百数十年前までは家、城郭、寺社、橋、土木工事などあらゆるところで木がたくさん使われ、身近な生活用品も木を使ってきました。
しかし、特に平成になってから、生活の身の周りから木材が使われなくなった。
TVのお茶の間ドラマの、昭和の家族団欒に見られる畳の部屋、卓袱台、襖や木製建具などの光景も最近は見られなくなりました。
もう一度、身の廻りに木を使ってゆく取組みを進めて行かなければいけないと考えています。

□ 木材利用の意義木材利用の意義は、まず木材は湿度を調整するなど快適的な居住環境を提供し、使っている人に優しい。
また木材を使うことで大気中の炭素を固定し地球環境にも良い。
木材製品は他の鉄・プラスチックなどに比べて製造・加工に要するエネルギーも少ない。
石油製品を買えば金は海外に流出するが国産材を使えば金は国内で廻り地方創生に役立つ。
木材は再生可能な資源であり「伐って、使って、又植える」というサイクルを通して、森林整備が行え、自然環境を守ることができるなど木材利用の意義は大きい。
こうした木材利用の意義を皆さまに理解いただき、国産材の利用を進めて行きたい訳です。

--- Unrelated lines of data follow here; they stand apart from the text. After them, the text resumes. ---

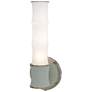 1_Kane 13.38" High Matte Celadon Finish Polished Nickel Accent Wall Sconce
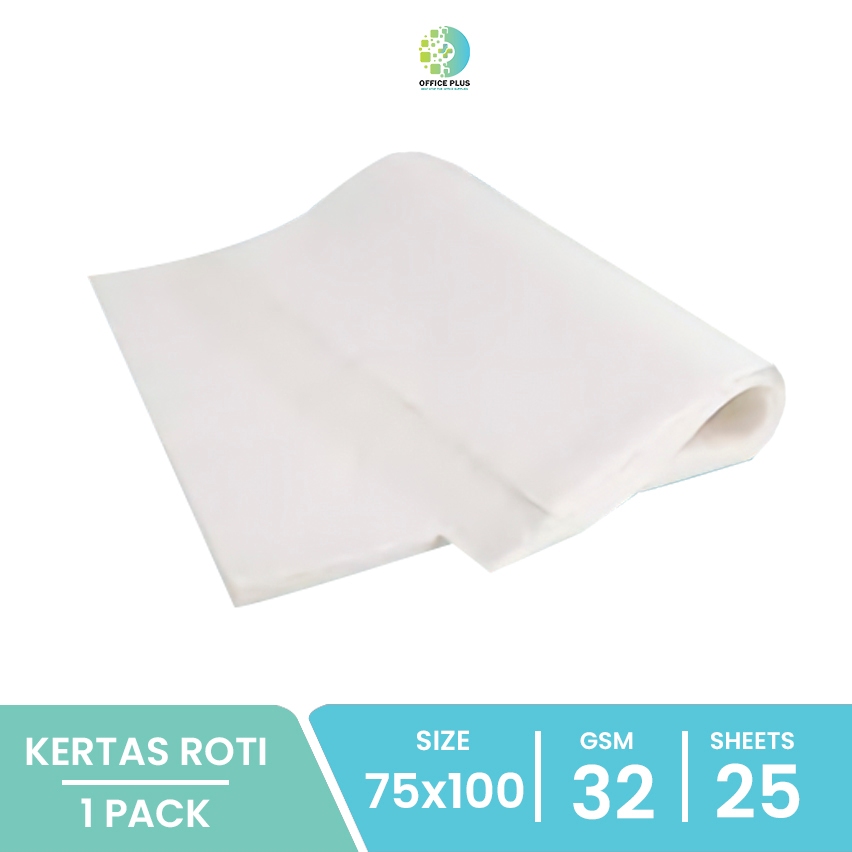 

Kertas Roti / Kertas Pembungkus / Baking Paper Putih 75x100cm 32gsm / 25Lembar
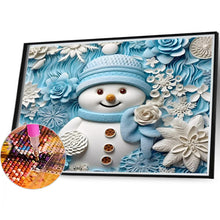 Load image into Gallery viewer, Diamond Painting - Full Round - 3D textured snowman (40*35CM)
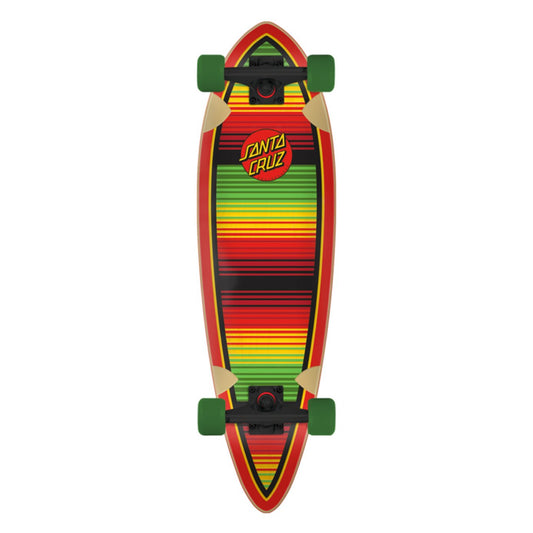 Santa Cruz Longboard Complete (UK) Serape Dot Pintail Multi 9.2 IN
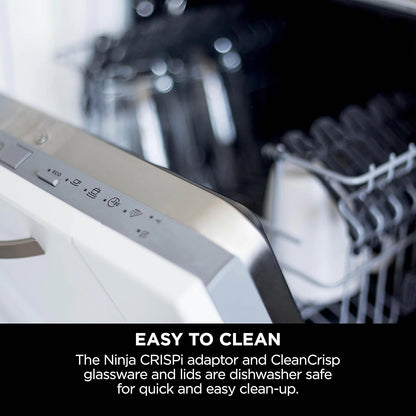 Compact design of the Ninja CRISPi portable air fryer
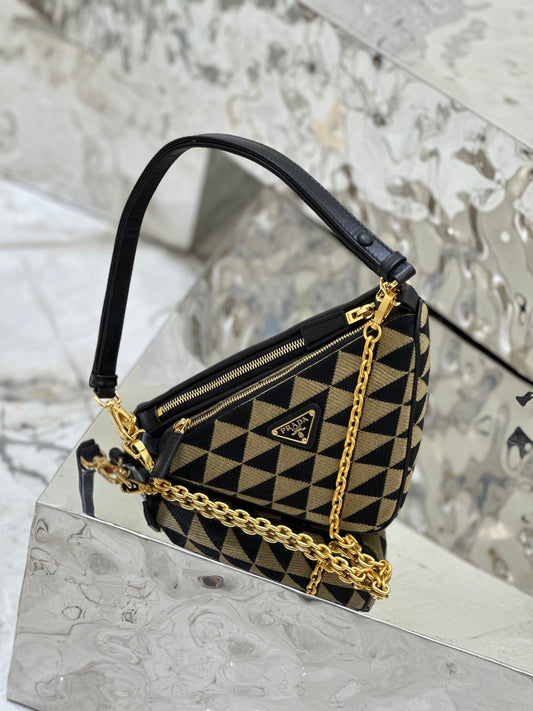 Pronta Entrega – Bolsa Prada Mini em Jacquard Bordado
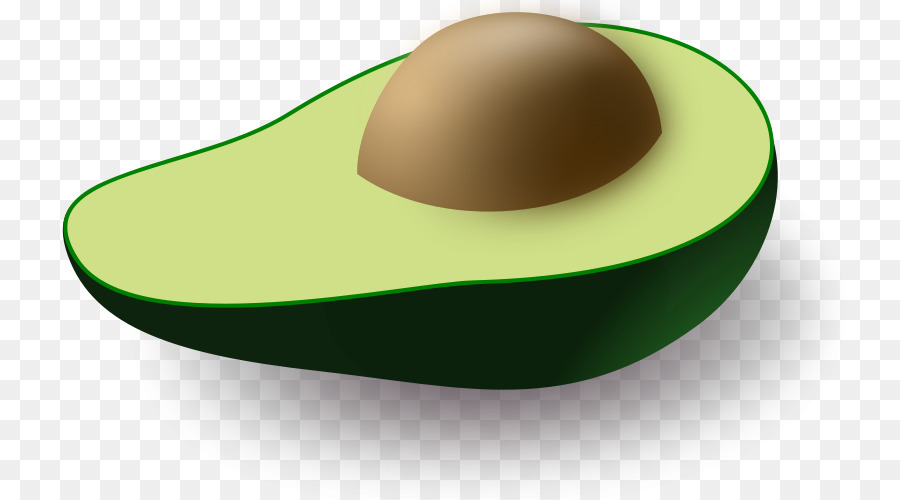 Medio Aguacate，Fruta PNG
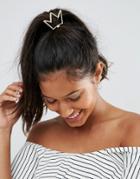 Missguided Crown Hair Bobble - Gold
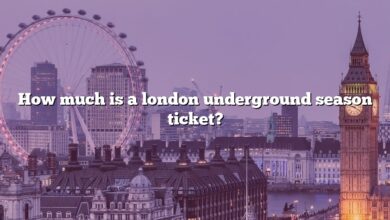 How much is a london underground season ticket?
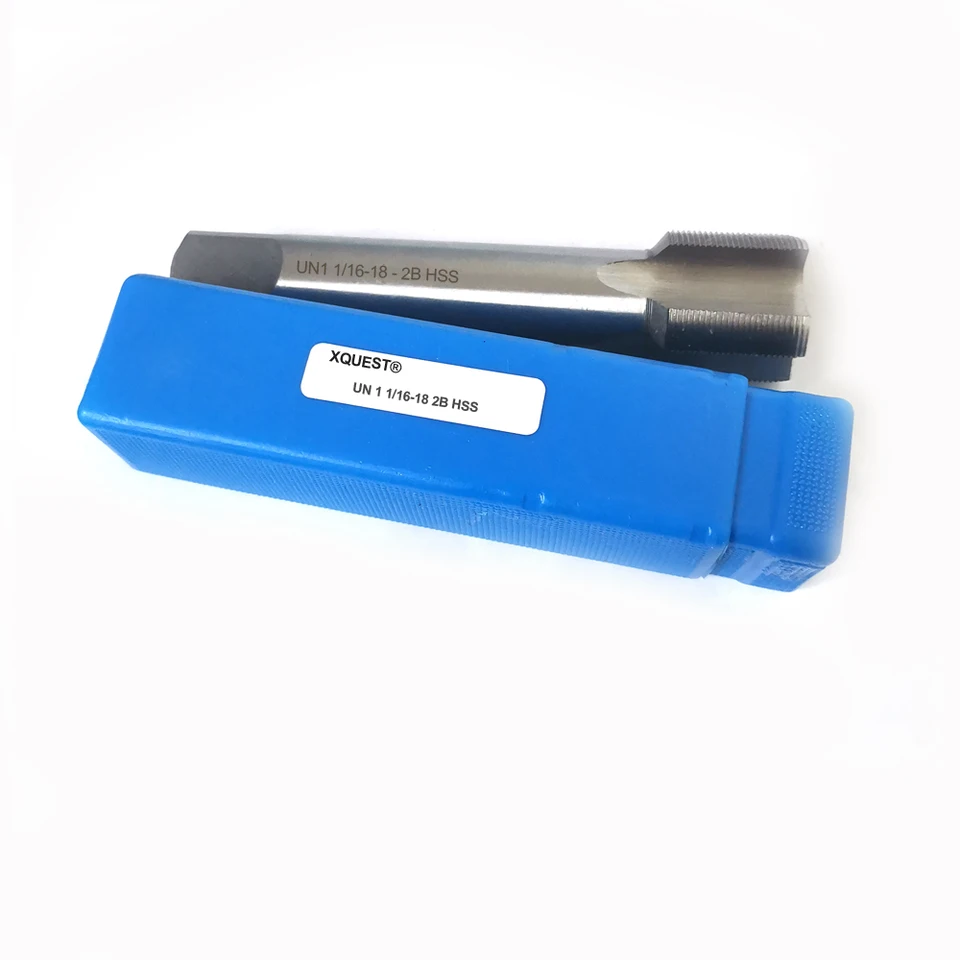 Burkit 11/16-16 UN Thread Tap - Right Hand HSS Machine Tap For Metalworking & DIY Projects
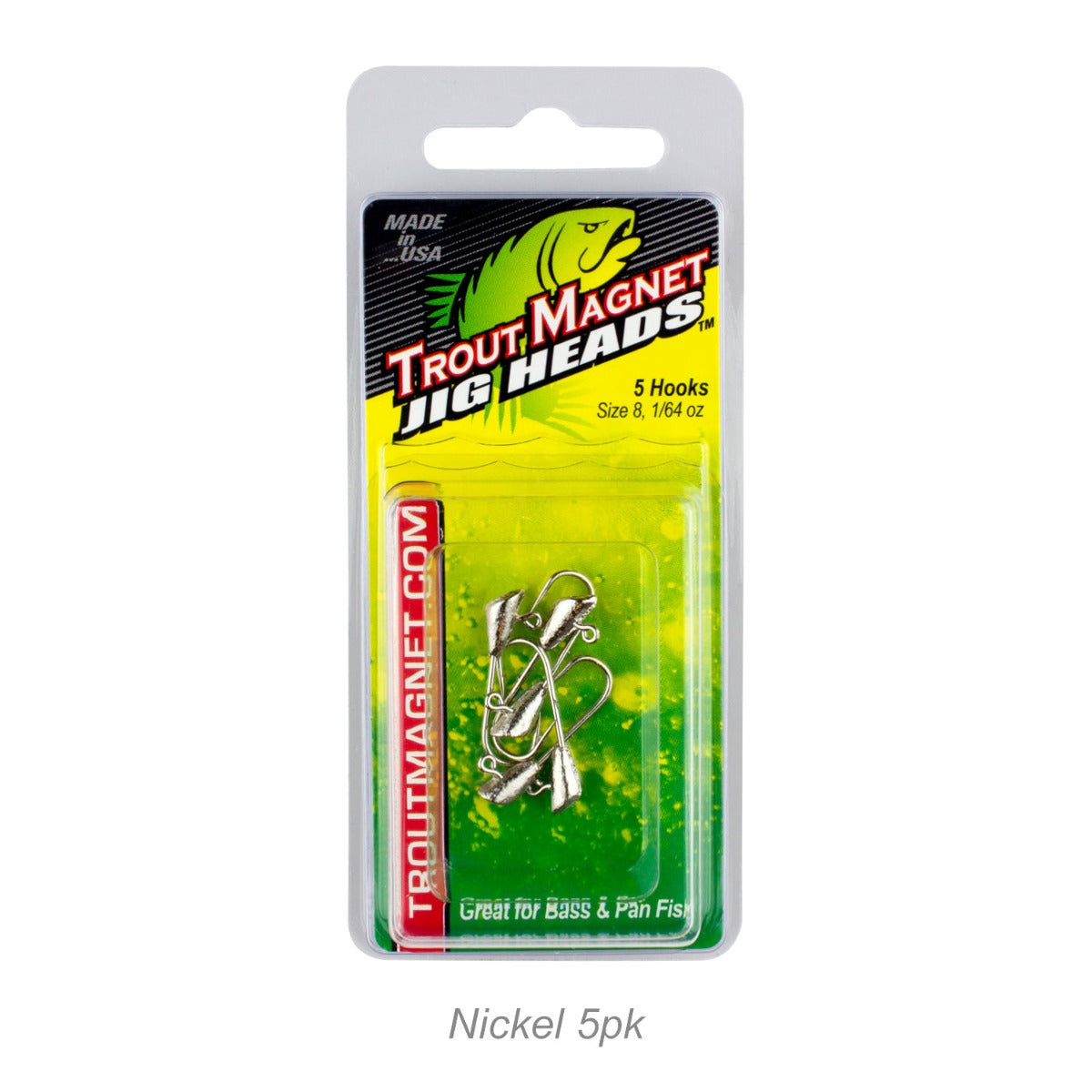 Leland's Lures Trout Magnet Jig Heads 1/64 oz 5-Pack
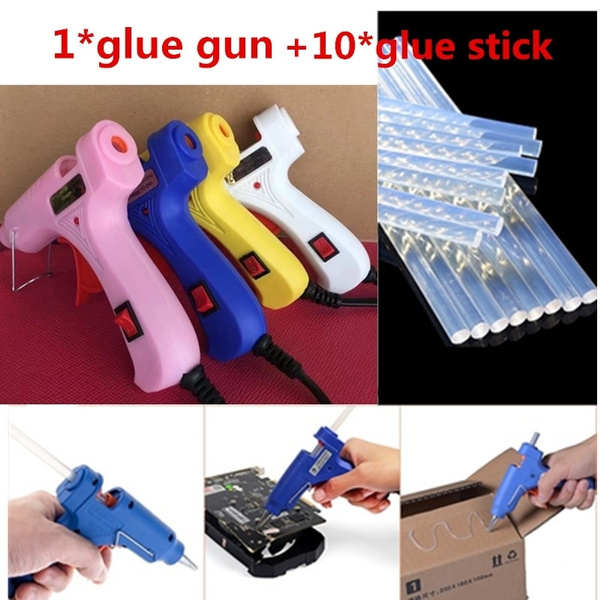 Hot Melt Glue Gun with 10pcs Hot Glue Stick 7mm for DIY/Arts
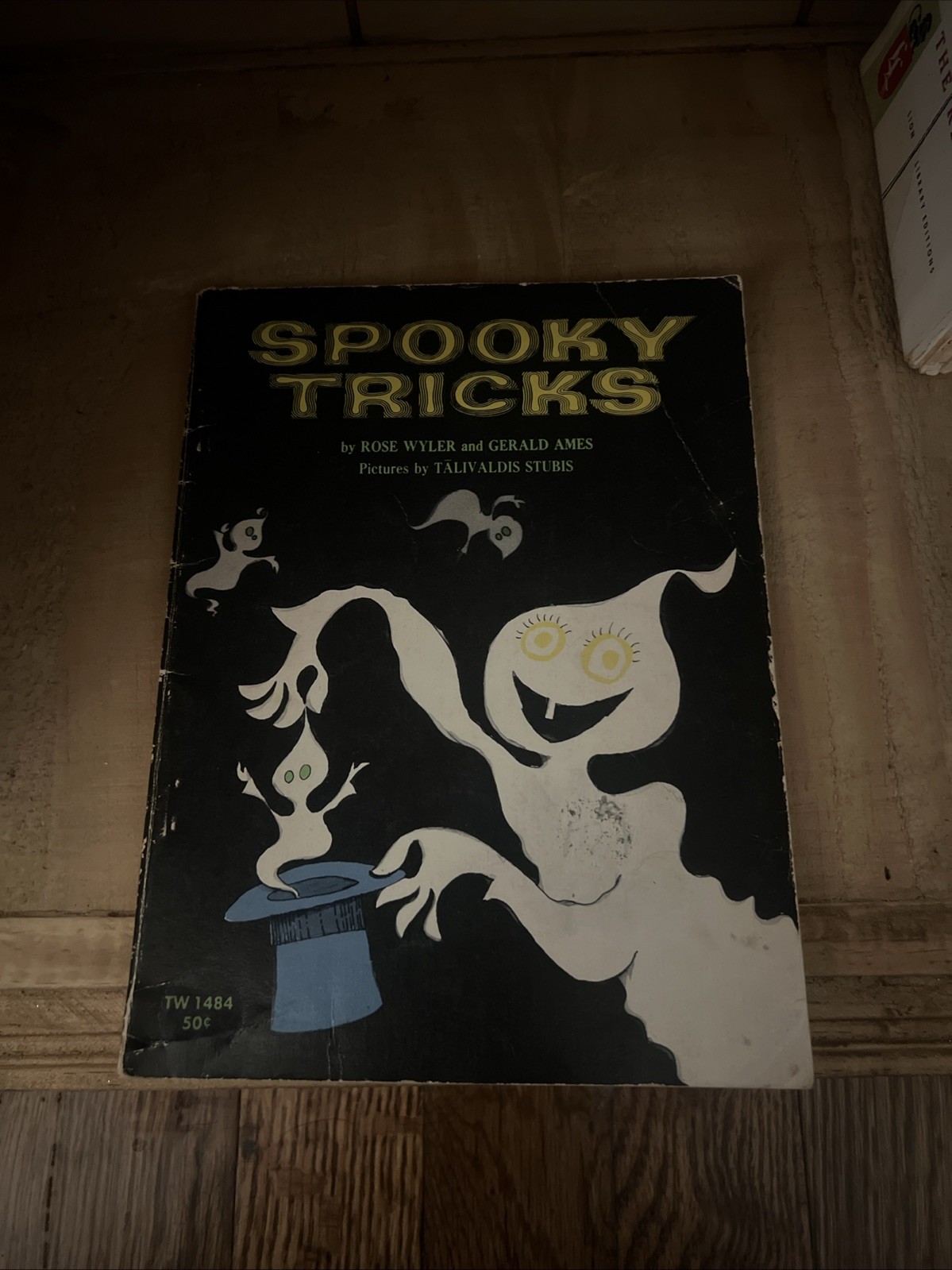 Spooky Tricks By Rose Wyler & Gerald Ames 1968 Childrens Picture Book Paperback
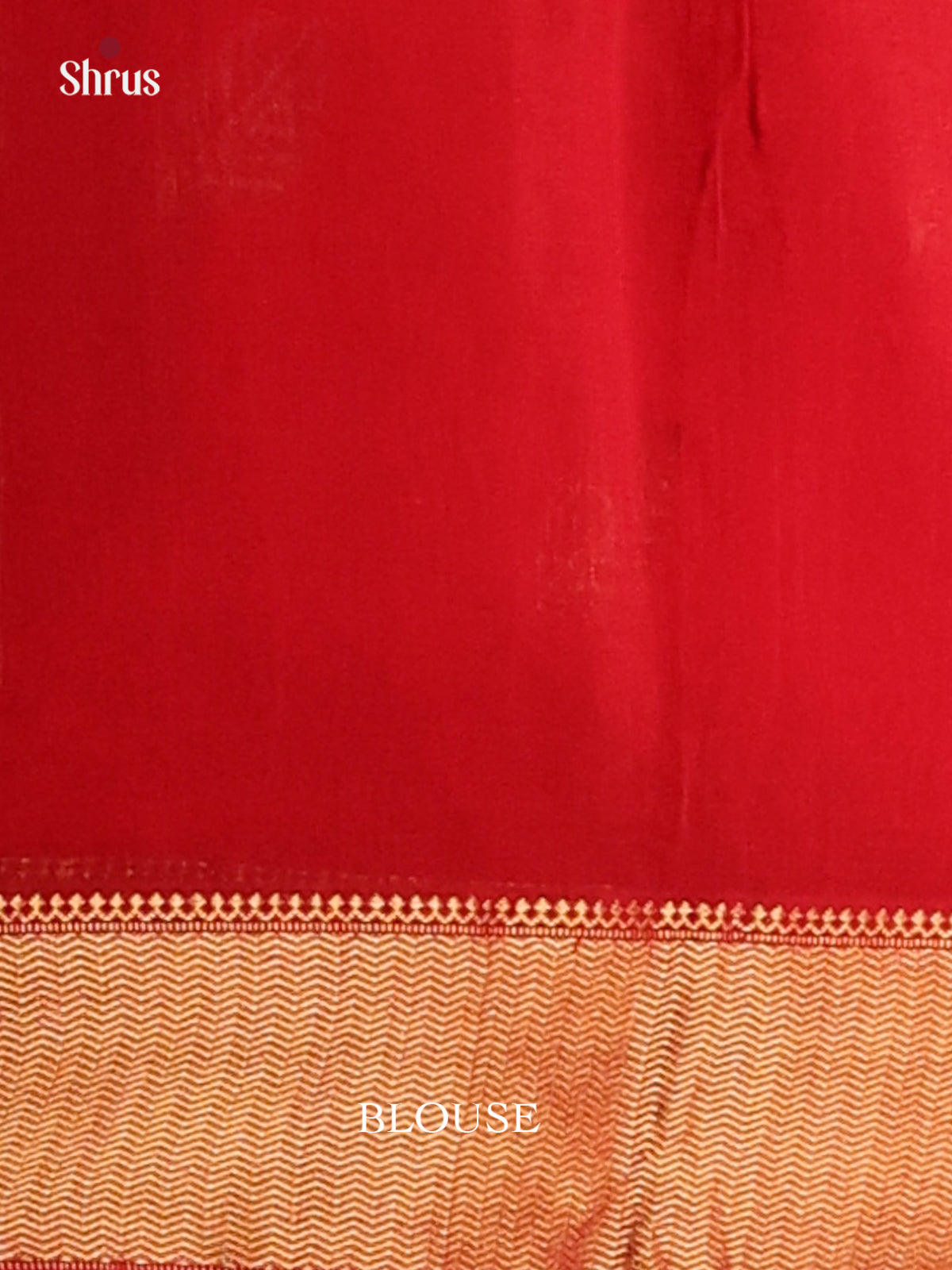 Red(Single Tone)- Maheshwari silkcotton Saree - Shop on Shrus.com
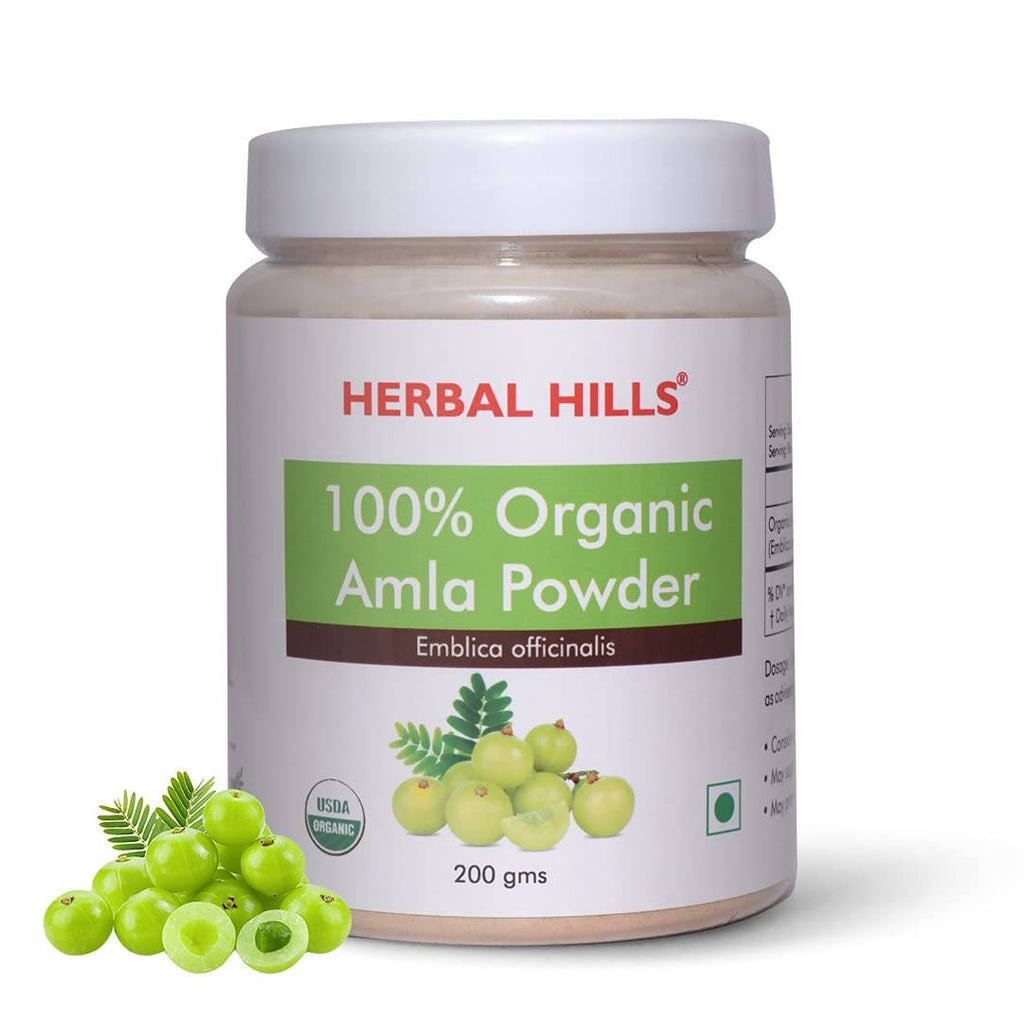 Herbal Hills Organic Amla Powder | Grocsy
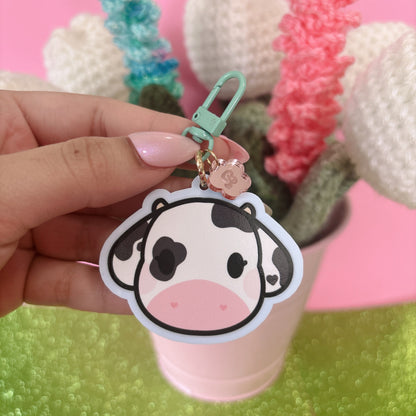 Daisy the Cow Keychain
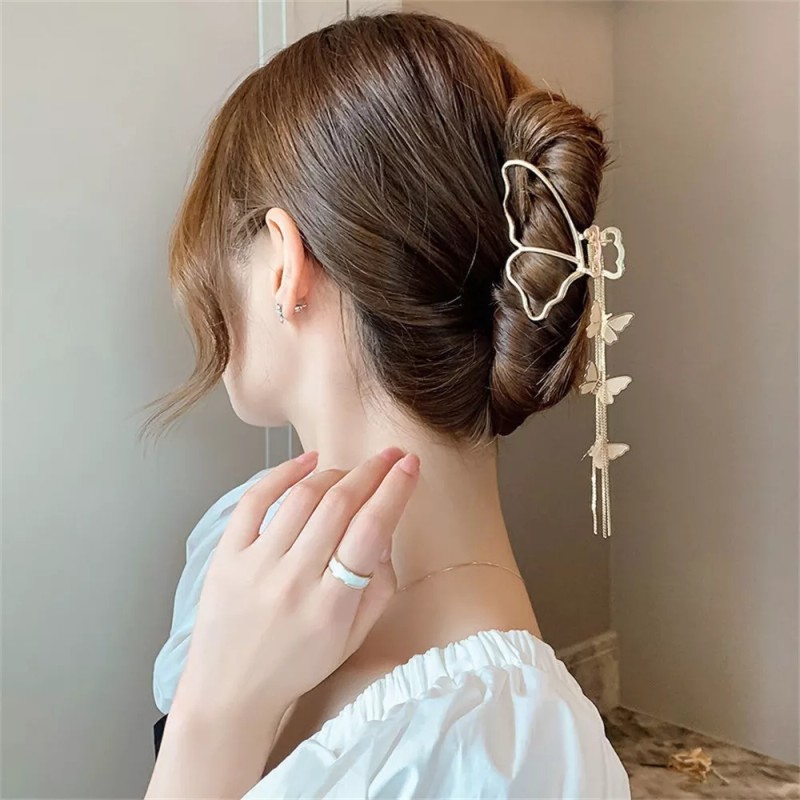 Govssing Pinzas Para Cabello Mujer Niña Mariposa Metal Horquilla 5pzs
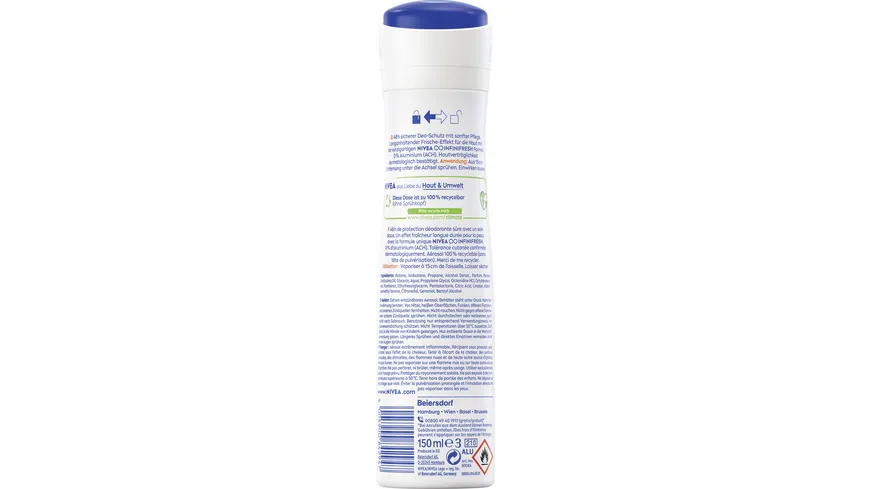 NIVEA Deo Spray fresh fruity 150 ml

□ 国内の森林資源は利用期日本の森林の現状は、国土面積の3780万haの7割が森林で、森林率で言えば世界第3位。この森林の4割の1000万haがスギ、ヒノキ、カラマツの人工林です。
これは昭和30年代、石油・石炭の使用で炭焼き山が経済的価値を失い、瓦屋根や金属葺屋根の普及で茅葺屋根の原料・茅を供給していた茅場も経済的意義を失う中、当時高度経済成長、戦後の復興等で木材需要が急激に高まり、国の発展とともにこれから木材需要が伸びるとの予測のもと、薪炭林や茅場をスギ・ヒノキの人工林に変える拡大造林を進めた結果です。
拡大造林を始めて50~60年たった現在、人工林の利用期を迎えています。
一方地方創生の観点で見ると、昔の地方活性化は、都会から工場を地方に移転し製品を作り、海外へも輸出することで地方に雇用を確保してきましたが、グローバル経済の中、現在製造業が海外に移転する今、地方に持続的産業を作って雇用を確保し、地方にある資源を使っていくことが重要です。
そのために第1次産業と観光(地方の生活に触れるような地方固有の文化に触れる観光)を通して地方に産業を起こし、雇用を確保してゆくのが今現在の地方創生でありますが、国土の7割を占めている森林を生かさない手はないのです。
人工林の齢級構成の昭和41年の齢級構成でもわかるように、戦中に木を使い切っており、戦後は若い人工林がほとんどで、用材として使える木が無かった。このため外国から安い木材を輸入しようと、昭和39年には丸太の関税を0にして、木材の輸入自由化を行ってきた訳です。
しかし、最近(平成24年)の人工林の齢級構成を見ると、9~11齢級(植えてから40~55年、1齢級:植えてから0~5年、2齢級:6~10年)の立木が多く、柱材を取るのに使いどころの山が増えてきたことが分かります。
この資源を生かして、この人工林を宝の山に変えていくことができるのが、地方創生の観点からも大きなポイントとなります。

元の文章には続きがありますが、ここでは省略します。